▼
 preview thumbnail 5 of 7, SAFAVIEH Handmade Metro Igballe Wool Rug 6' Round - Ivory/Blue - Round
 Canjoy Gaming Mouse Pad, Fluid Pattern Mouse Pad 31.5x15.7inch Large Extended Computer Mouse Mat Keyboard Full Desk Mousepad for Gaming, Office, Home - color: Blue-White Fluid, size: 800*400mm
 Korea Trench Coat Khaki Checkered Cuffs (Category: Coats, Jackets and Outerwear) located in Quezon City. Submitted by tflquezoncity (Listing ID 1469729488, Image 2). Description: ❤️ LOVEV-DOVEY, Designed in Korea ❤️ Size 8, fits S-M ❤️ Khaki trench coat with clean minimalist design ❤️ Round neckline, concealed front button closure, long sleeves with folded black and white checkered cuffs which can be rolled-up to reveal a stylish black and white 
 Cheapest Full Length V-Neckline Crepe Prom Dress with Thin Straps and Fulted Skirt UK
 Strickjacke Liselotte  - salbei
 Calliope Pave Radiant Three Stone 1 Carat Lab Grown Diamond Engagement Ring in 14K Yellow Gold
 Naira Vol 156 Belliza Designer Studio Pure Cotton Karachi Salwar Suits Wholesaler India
▲
▼
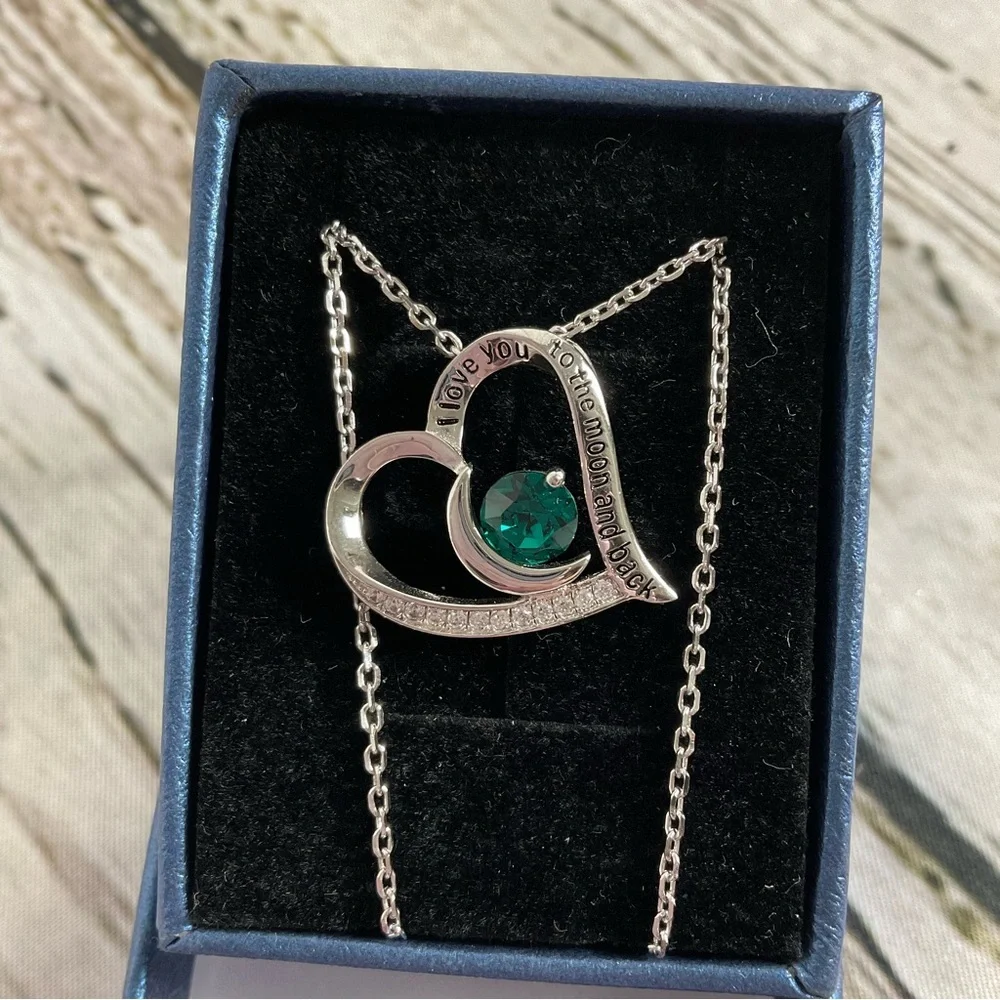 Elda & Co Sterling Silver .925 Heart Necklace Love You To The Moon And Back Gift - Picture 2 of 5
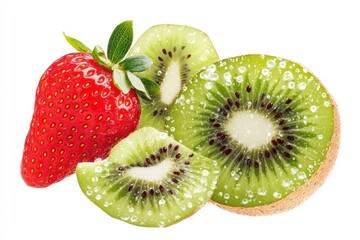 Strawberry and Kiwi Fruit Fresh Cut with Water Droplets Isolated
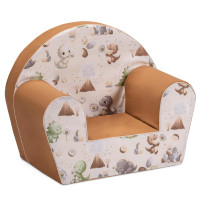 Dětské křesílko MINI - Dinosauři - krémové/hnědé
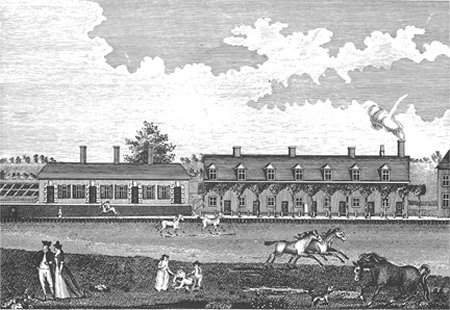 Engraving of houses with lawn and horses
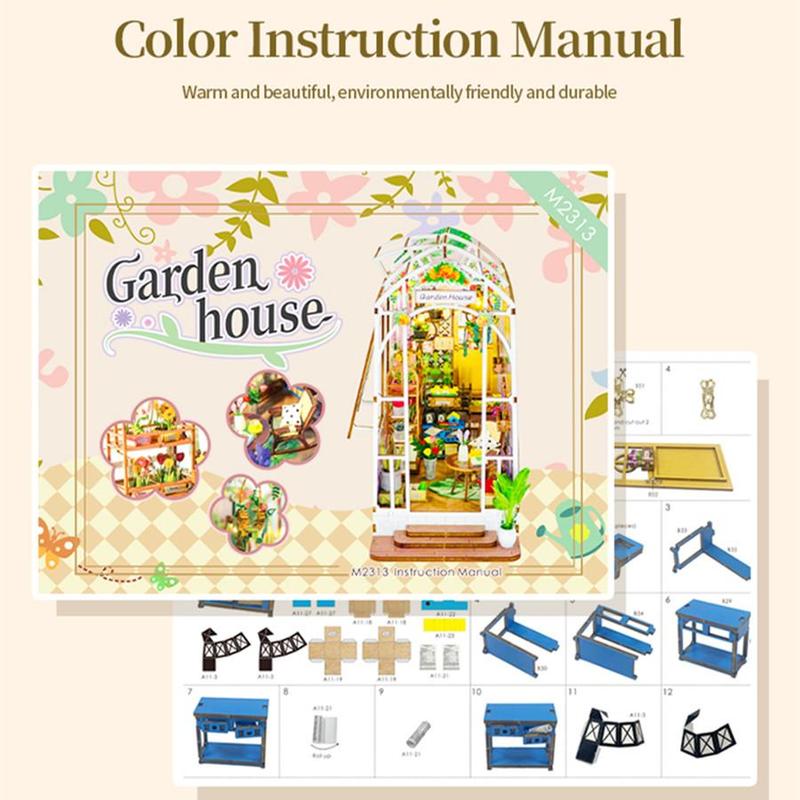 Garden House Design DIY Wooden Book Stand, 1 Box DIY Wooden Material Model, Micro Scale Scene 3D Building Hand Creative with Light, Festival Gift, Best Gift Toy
▲
▼
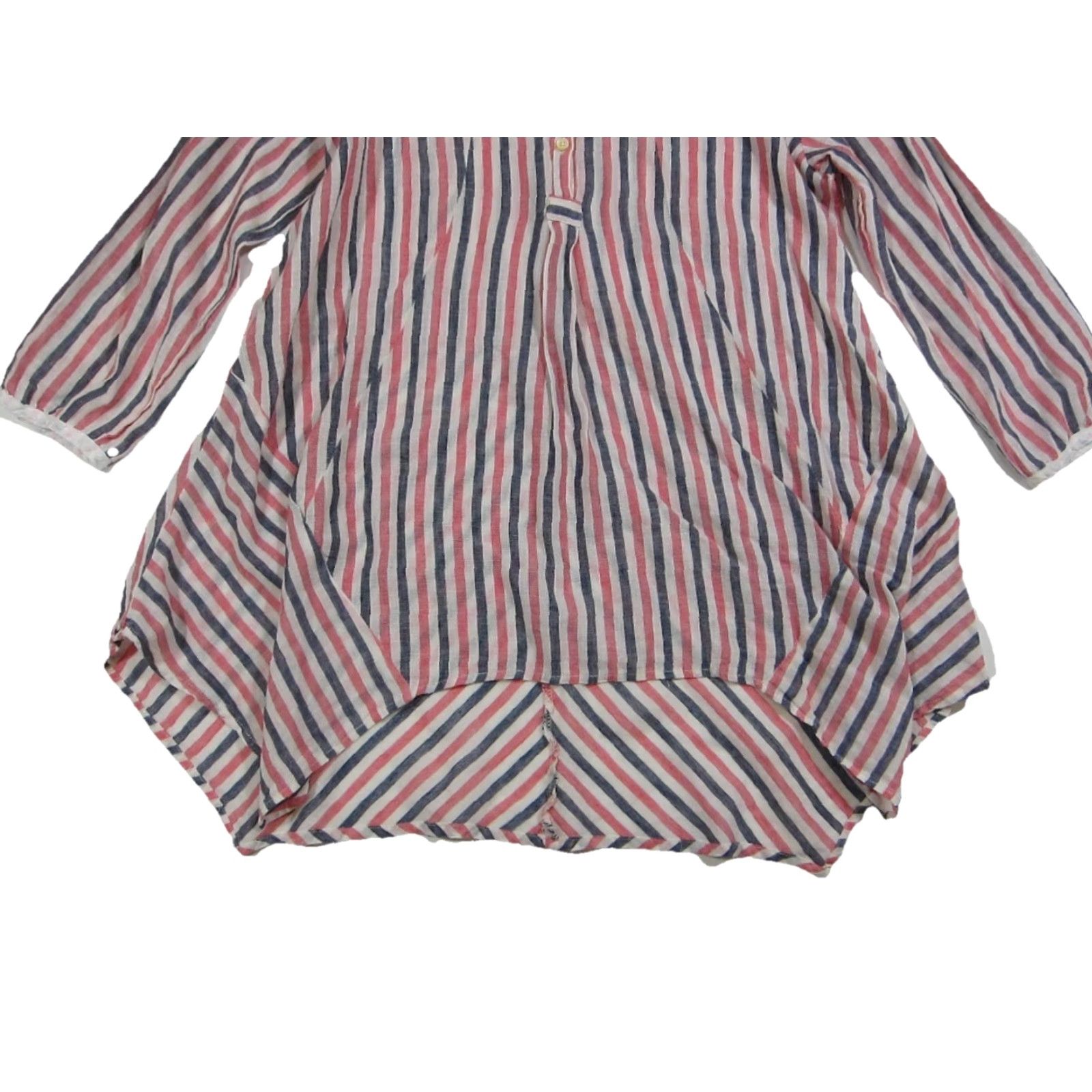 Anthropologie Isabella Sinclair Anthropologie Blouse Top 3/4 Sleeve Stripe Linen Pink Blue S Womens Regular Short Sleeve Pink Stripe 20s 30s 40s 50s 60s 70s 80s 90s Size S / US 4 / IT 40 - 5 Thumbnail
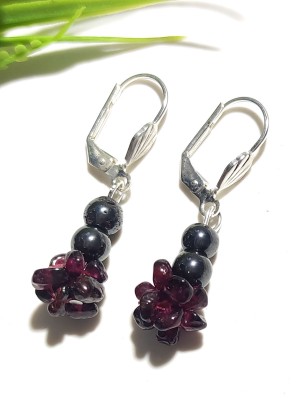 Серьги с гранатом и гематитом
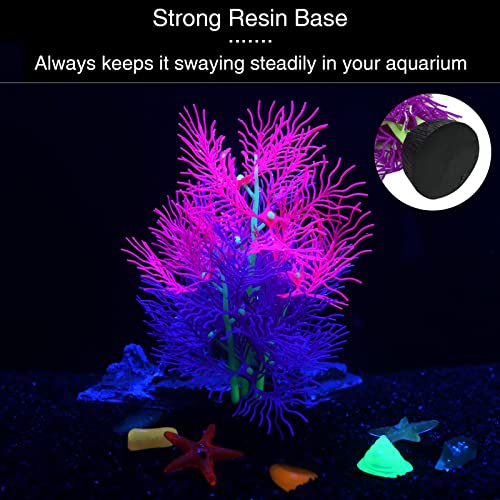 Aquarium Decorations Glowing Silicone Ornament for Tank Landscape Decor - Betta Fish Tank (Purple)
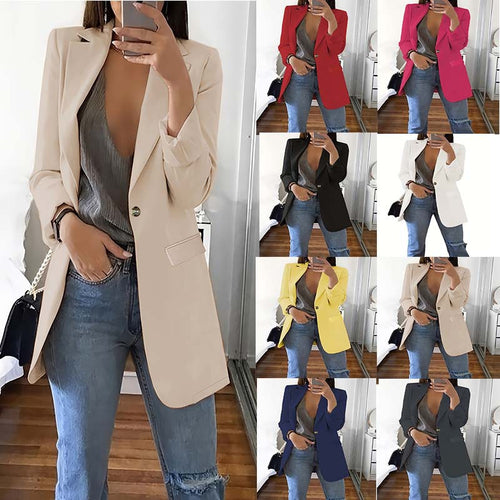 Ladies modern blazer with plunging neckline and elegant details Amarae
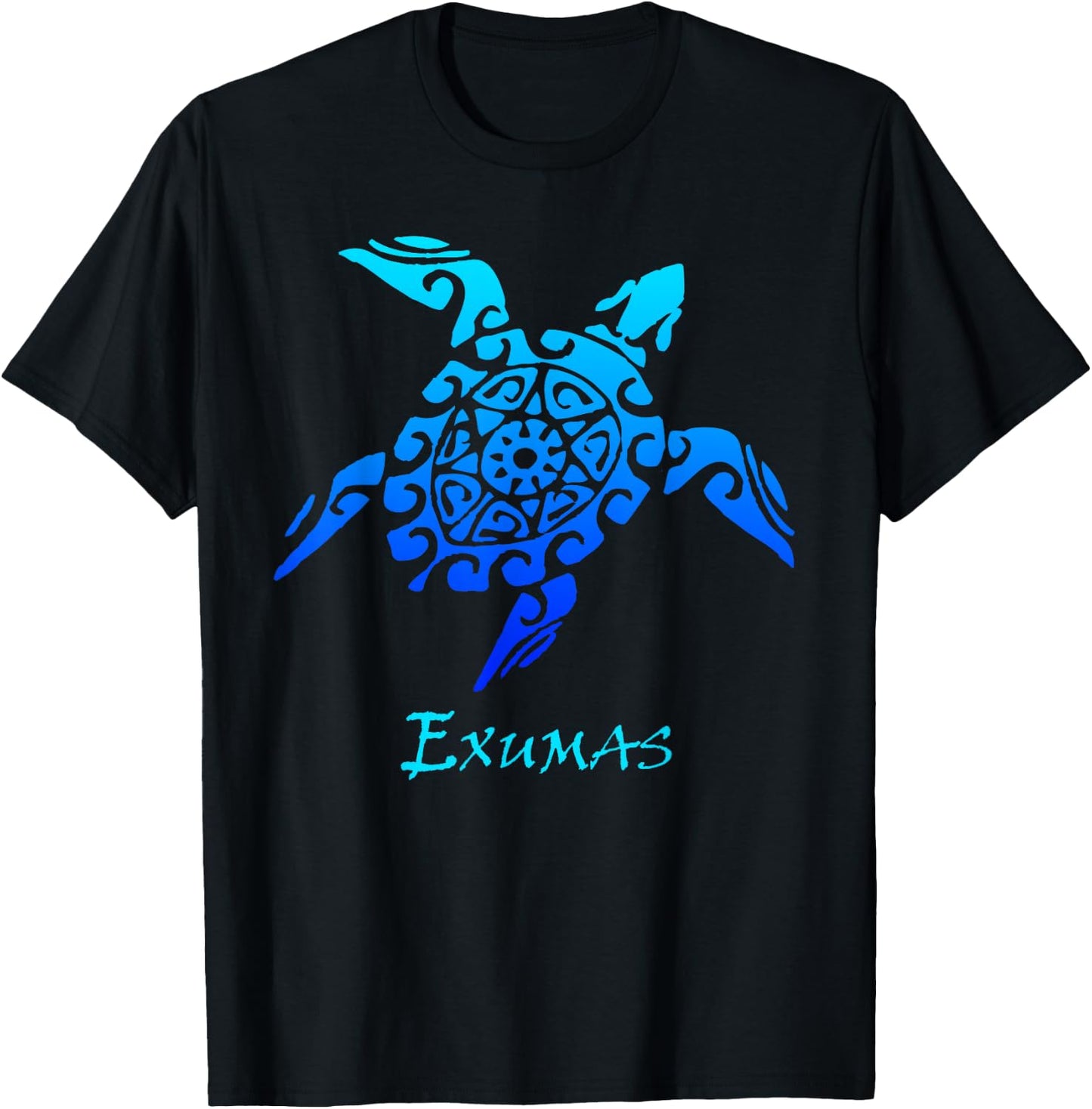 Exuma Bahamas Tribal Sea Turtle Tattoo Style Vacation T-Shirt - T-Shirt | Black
▲
TASK |
Taking the entries above, restate exactly those lines that fall between the line with "preview thumbnail 5" and the line with "Calliope Pave Radiant", keeping both of those lines too.

SOLVED PROBLEM |
 preview thumbnail 5 of 7, SAFAVIEH Handmade Metro Igballe Wool Rug 6' Round - Ivory/Blue - Round
 Canjoy Gaming Mouse Pad, Fluid Pattern Mouse Pad 31.5x15.7inch Large Extended Computer Mouse Mat Keyboard Full Desk Mousepad for Gaming, Office, Home - color: Blue-White Fluid, size: 800*400mm
 Korea Trench Coat Khaki Checkered Cuffs (Category: Coats, Jackets and Outerwear) located in Quezon City. Submitted by tflquezoncity (Listing ID 1469729488, Image 2). Description: ❤️ LOVEV-DOVEY, Designed in Korea ❤️ Size 8, fits S-M ❤️ Khaki trench coat with clean minimalist design ❤️ Round neckline, concealed front button closure, long sleeves with folded black and white checkered cuffs which can be rolled-up to reveal a stylish black and white 
 Cheapest Full Length V-Neckline Crepe Prom Dress with Thin Straps and Fulted Skirt UK
 Strickjacke Liselotte  - salbei
 Calliope Pave Radiant Three Stone 1 Carat Lab Grown Diamond Engagement Ring in 14K Yellow Gold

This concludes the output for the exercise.